TOUR DE FRANCE à la rame
Pour échapper aux types qui veulent sa peau, un jeune rappeur est forcé de se mettre au vert et d’accompagner dans son périple un peintre sur les traces de l’artiste Joseph Vernet : esthétiquement navrant et d’une grande faiblesse politique, Tour de France trimballe de port en port et de resto en resto un Depardieu au bout du rouleau.
Il y a peu de temps, Gérard Depardieu s’est lancé dans un road movie culinaire pour Arte, A pleine dents !. L’acteur se rendait dans une région de France, vidait le frigo et son appétit faisait le show puisqu’il est par nature spectaculaire. En vieillissant, la plus rabelaisienne des stars françaises est devenue Gargantua, un ogre à qui on pardonne tout, dont le corps et l’histoire personnelle servent désormais de seuls postulats narratifs à un film ou une série.
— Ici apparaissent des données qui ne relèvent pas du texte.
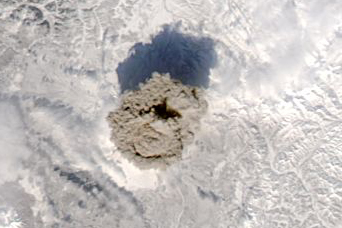 Eruption of Shiveluch Volcano, Kamchatka Peninsula - related image preview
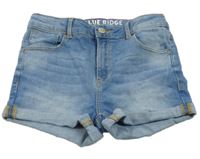 Modré riflové kraťasy Blue Ridge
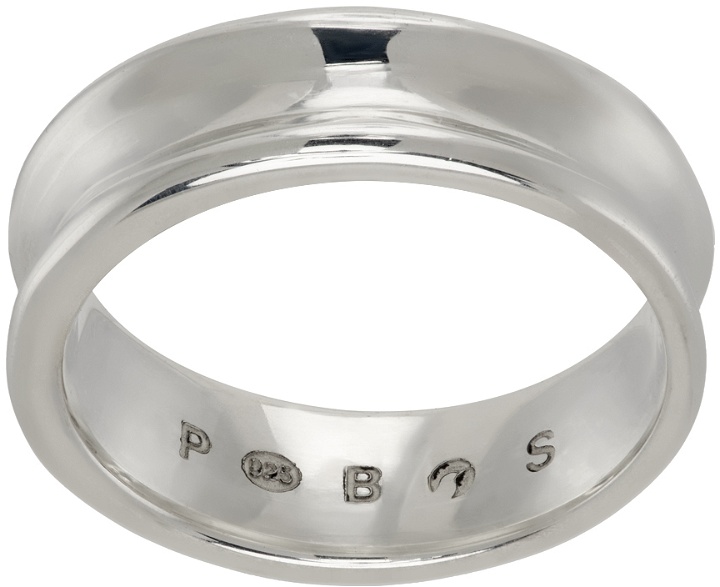 Photo: Pearls Before Swine Silver Oyer Band Ring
Vous le mettez sur une moto (Mammuth), vous le lâchez dans le désert (Valley of Love) ou dans la forêt (The End), bref vous lui faites voir du pays (Tour de France) : pas besoin de plus, Depardieu fera le reste et notre tendresse pour lui comblera les vides de l’histoire.
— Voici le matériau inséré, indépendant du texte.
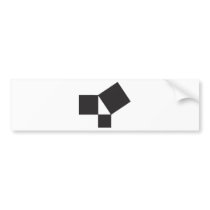 pythagorian thoerem bumper stickers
Le réalisateur Rachid Djaïdani s’est planté sur bien des choses concernant Tour de France, mais pas sur le choix de l’acteur chargé de camper – on ne parle plus d’interprétation à un si faible niveau de composition – un gros beauf du Nord, raciste comme il faut, mais artiste-peintre aussi. En y réfléchissant, il ne s’est pas planté non plus en s’appropriant la comédie de la cohabitation forcée des contraires, sous-genre qui phagocyte actuellement tout le rire français, en refaisant du point de vue de la minorité Le grand partage ou Qu’est-ce qu’on a fait au bon Dieu ?. Quelle différence y-a-t-il entre le personnage de Didier Bourdon imitant une « maman » noire dans cette ignominie qu’est Le grand partage, et celui de Depardieu rappant La Marseillaise, comme il l’imagine qu’un vrai rappeur le ferait, c’est-à-dire avec haine, violence et vulgarité ? Aucune et c’est bien là le problème.
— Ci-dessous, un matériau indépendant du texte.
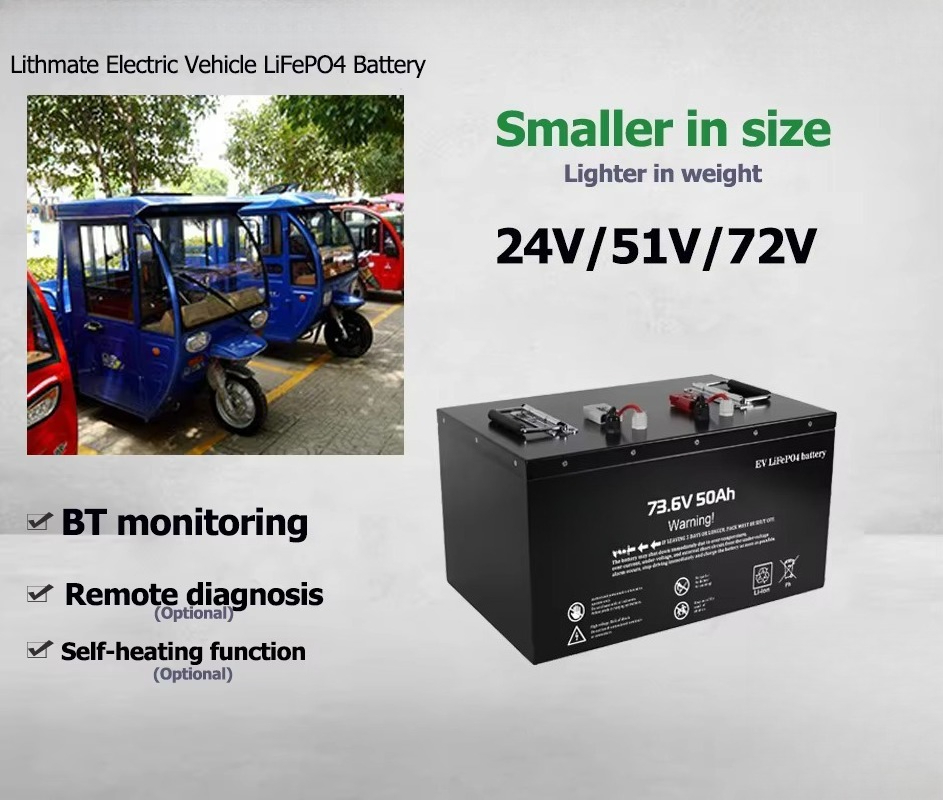 48 Volt Lityum Pil Paketi 72v  - 72V 40Ah Lifepo4 Battery Pack incelemesi ve fiyatı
Djaïdani a le mérite d’exister, mais ce mérite n’est pas une raison suffisante pour qu’on ne l’aide pas à faire davantage que des films qui semblent griffonnés sur un coin de table.
Rengaine, le 1er long-métrage de Djaïdani, avait beau naître d’intentions louables, il ne faisait qu’inverser les rôles habituels, sans faire preuve de davantage de progressisme. Tour de France fait pareil (à cet égard, on se pose des questions sur l’humiliation apparemment suprême que l’on puisse infliger à un homme : l’habiller en femme…). Son héros a beau être un rappeur du nord de la capitale, les mêmes blagues idiotes sont reconduites (quand on lui parle peintre du 18ème, il pense au 18ème arrondissement), le même rire douteux est suscité par l’expression sans langue de bois du racisme, la même idée de réconciliation par le déballage est diffusée, comme si les xénophobes en avaient gros sur le patate et faisaient en réalité un pas vers l’Autre en lui déballant toutes les saloperies qu’ils pensent de Lui.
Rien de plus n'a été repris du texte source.